The most significant aspect of FlyQuest's offseason turnaround is the organization's front office. After the Viola family purchased the Florida Panthers, FlyQuest almost immediately brought in former 100 Thieves general manager Chris "PapaSmithy" Smith to lead the team's lightning-strategy rebuild in 2023. During his tenure with 100 Thieves, he won the LCS outright in 2021.

PapaSmithy has joined FlyQuest as its new president and chief gaming officer, according to 'natural progression.'

Former DRX head coach Ssong has also brought in a sincere World Championship-caliber coach in the biggest blow-it-all-up-after-a-championship move in esports history. Now, with Ssong at the helm in his second North American stint (he previously coached four LCS teams between 2017 and 2020), FlyQuest may have the required skills to not only compete internationally.
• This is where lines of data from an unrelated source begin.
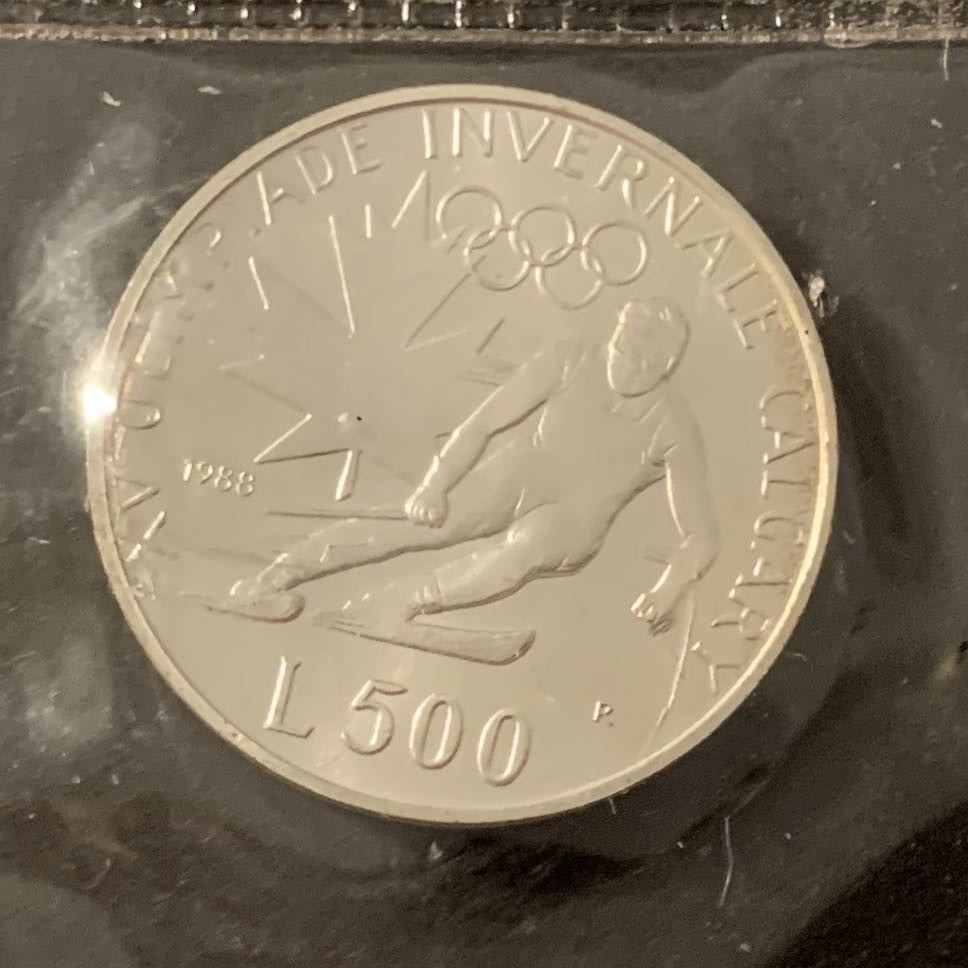 紫瑗钱币—微拍第48期  圣马力诺 1988年 卡尔加里冬奥会 500里拉 11克 0.835银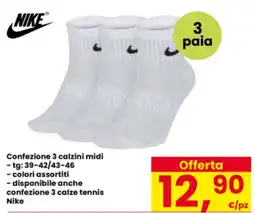 Interspar Nike confezione 3 calzini midi offerta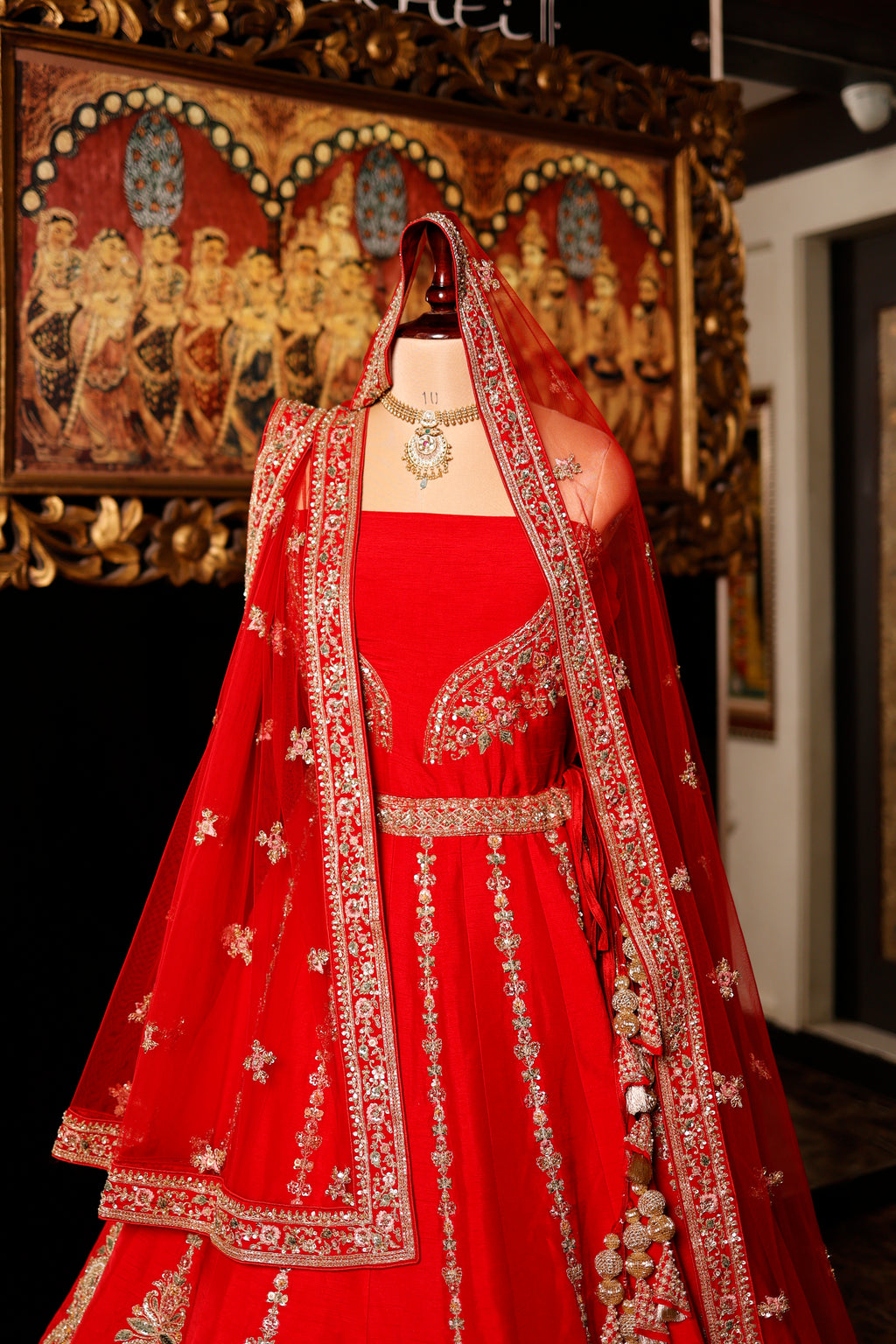 Designer Red Raw Silk Bridal Lehenga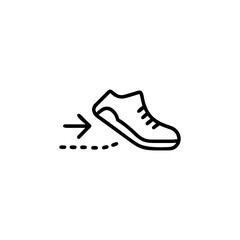 Minimal Line Icon of a Shoe Leaving Footprints Representing Journey Vector illustration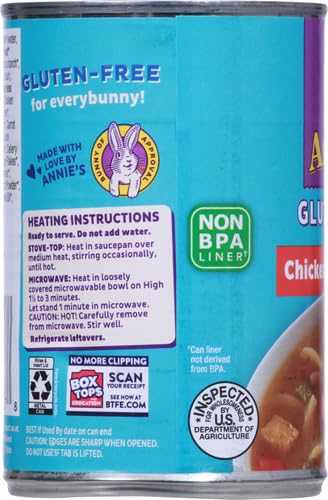 ANNIE’S GLUTEN FREE CHICKEN & PASTA CANNED SOUP, READY TO SERVE, 14 OZ.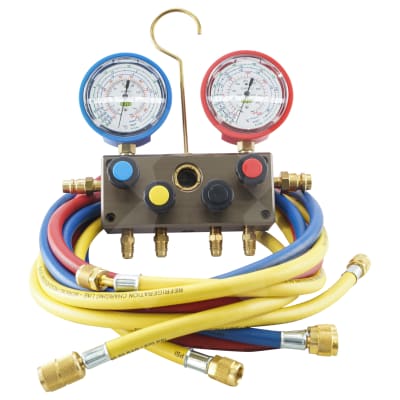 MANIFOLD GAUGE SET, REFCO, 1830MM (72 INCH) CHARGING HOSES, FRONT WHEEL, 4-WAY, MULTI-REFRIGERANT, B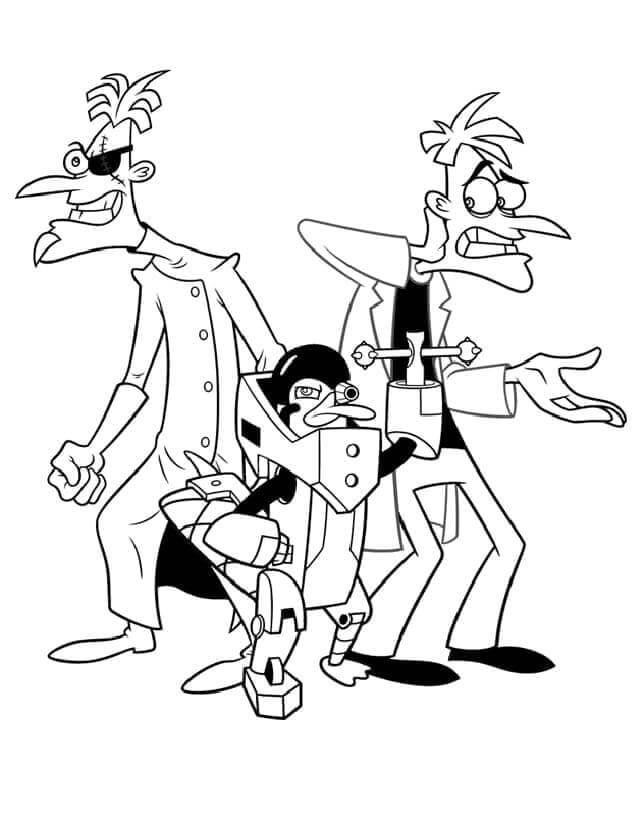 Fise de colorat cu Phineas si ferb de colorat p31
Aspirations to be a champion

FlyQuest will be the most completely transformed team in North America—maybe even the world in the 2023 season thanks to a complete overhaul of its starting lineup, coaching staff, and front office. One could easily argue that no other team in the global League scene made more replacements to transform themselves from outsider to contender during the 2022-23 offseason.

The objective for FlyQuest (realistically) should not be to win an LCS championship. A championship-caliber lineup and staff should be a goal for a team that has assembled players and coaches who have demonstrated they can excel domestically and internationally. Even before the 2023 season begins, the organization has slammed the bar down.

FlyQuest's opening game against another new-look squad in Team Liquid will begin on January 26.